Inilah Pusat Perbelanjaan Favorit Pelancong di Istanbul

Istanbul memiliki sedikitnya tiga pusat perbelanjaan yang menjadi magnet bagi turis.

Republika/Arif Supriyono
Grand Bazaar di Istanbul, Turki merupakan salah satu pasar tertua di dunia.
Rep: Arif Supriyono Red: Reiny Dwinanda

REPUBLIKA.CO.ID, ISTANBUL -- Setiap kota besar di dunia selalu memiliki pusat perbelanjaan. Biasanya mereka memiliki mal-mal megah dengan segala fasilitasnya sebagai simbol pusat belanja modern saat ini. Banyak pula kota besar yang memiliki pasar tradisional sebagai pusat perbelanjaan yang terus berkembang hingga ini.

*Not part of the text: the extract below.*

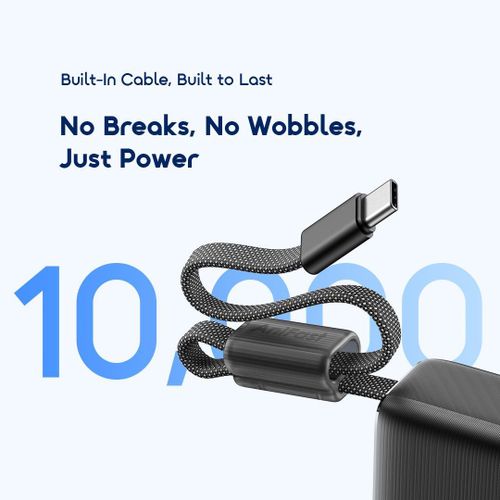 Oraimo PowerNova L11 10000mAh Power Bank 22.5W Fast Charging Built-in Type-C Cable USB-C LED Display Portable Charger for Android iPhone Travel Backup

Itulah yang ada di Istanbul. Provinsi sekaligus kota terbesar di Turki dengan penduduk lebih dari 20 juta ini memiliki pasar atau pusat belanja sejak zaman dahulu kala yang sudah sangat dikenal pelancong dunia. Paling tidak ada tiga pusat belanja ternama di bekas ibu kota Turki di era pemerintahan Kesultanan Turki Usmani tersebut yang akan memanjakan Anda.

Grand Bazaar atau Kapali Carsi

Ini merupakan salah satu pasar tertua di dunia. Grand Bazaar dibangun pada masa pemerintahan Sultan Mahmud II sekitar tahun 1455. Saat itu pasukan Sultan Mahmud II (Muhammed Alfatih) baru saja mengalahkan Kekaisaran Konstantinopel atau Byzantium.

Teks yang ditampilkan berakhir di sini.